16-0524-00 Lake vs Long Island Lake
Water quality, depth, fish species, and recreation comparison.
16-0524-00 Lake has a higher water quality grade (A, Excellent) than Long Island Lake (C, Fair). Both are in Cook County, Minnesota.
Both 16-0524-00 Lake and Long Island Lake sit in Minnesota. A same-state comparison strips out the state-level water-quality regime as a variable: any grade differences here are about the lakes themselves, not the agencies grading them. 16-0524-00 Lake (A) is materially cleaner than Long Island Lake (C).
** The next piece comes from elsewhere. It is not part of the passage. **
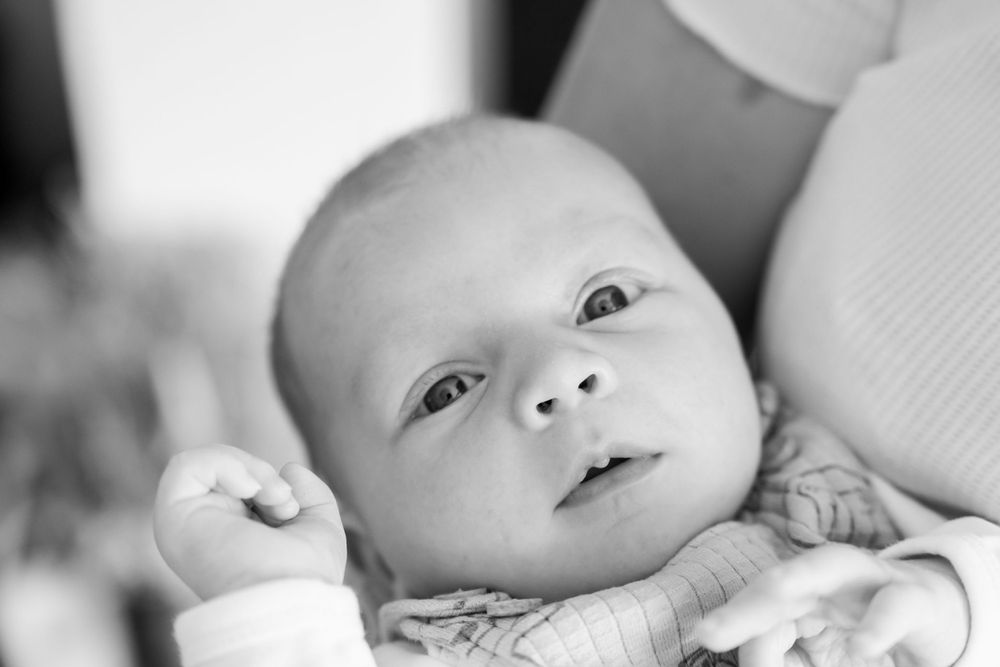 black and white photograph of newborn baby boy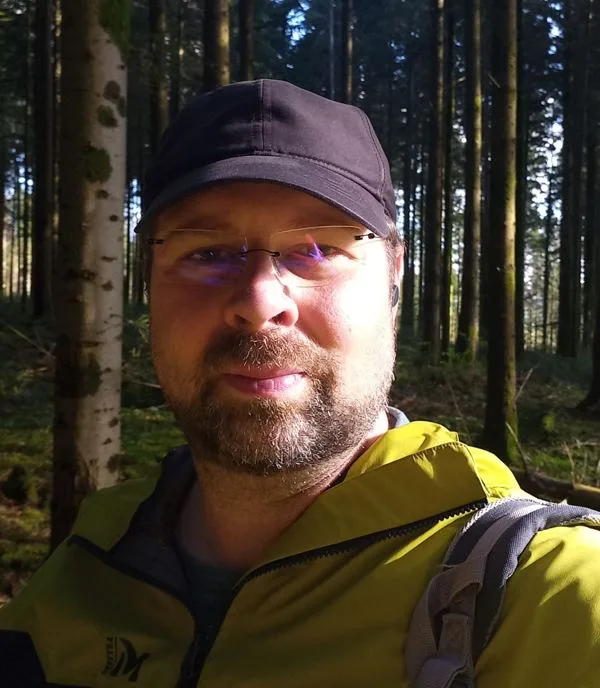 Kévin Solinski en forêt, casquette et veste de randonnée, souriant.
A gap that wide is unlikely to close in a single year of remediation work; it reflects multi-decade differences in the lakes themselves.
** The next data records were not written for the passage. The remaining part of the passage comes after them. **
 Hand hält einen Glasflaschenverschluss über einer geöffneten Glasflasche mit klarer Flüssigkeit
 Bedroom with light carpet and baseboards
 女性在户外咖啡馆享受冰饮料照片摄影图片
For a recreational visitor, the wider grade gap is decisive — 16-0524-00 Lake is the better water-quality choice. For a researcher, the gap is the interesting part: what is different about the two watersheds, and which of those differences is mutable?
16-0524-00 Lake
Crystal clear, you can see 15 ft down.
Long Island Lake
Moderate clarity, visible to about 8 ft.
Side-by-Side Metrics
| Metric | 16-0524-00 Lake | Long Island Lake |
|---|---|---|
| Overall Grade | A (Excellent) | C (Fair) |
| Water Clarity | 15 ft | 8 ft |
| Phosphorus | No data | No data |
| Chlorophyll-a (Algae) | No data | No data |
| Maximum Depth | 142 ft | 85 ft |
| Surface Area | 837.01 acres | 883.53 acres |
| Public Access | No | No |
| Fish Species | 1 | 1 |
| Trophic State | oligotrophic | mesotrophic |
Bold value = better for that metric (lower phosphorus / chlorophyll = cleaner; higher Secchi / depth / species count = better).
Verdict
16-0524-00 Lake wins on overall water quality with a Grade A versus Long Island Lake's Grade C. Water clarity: 15 ft vs 8 ft. For fishing diversity, 16-0524-00 Lake also leads with 1 species.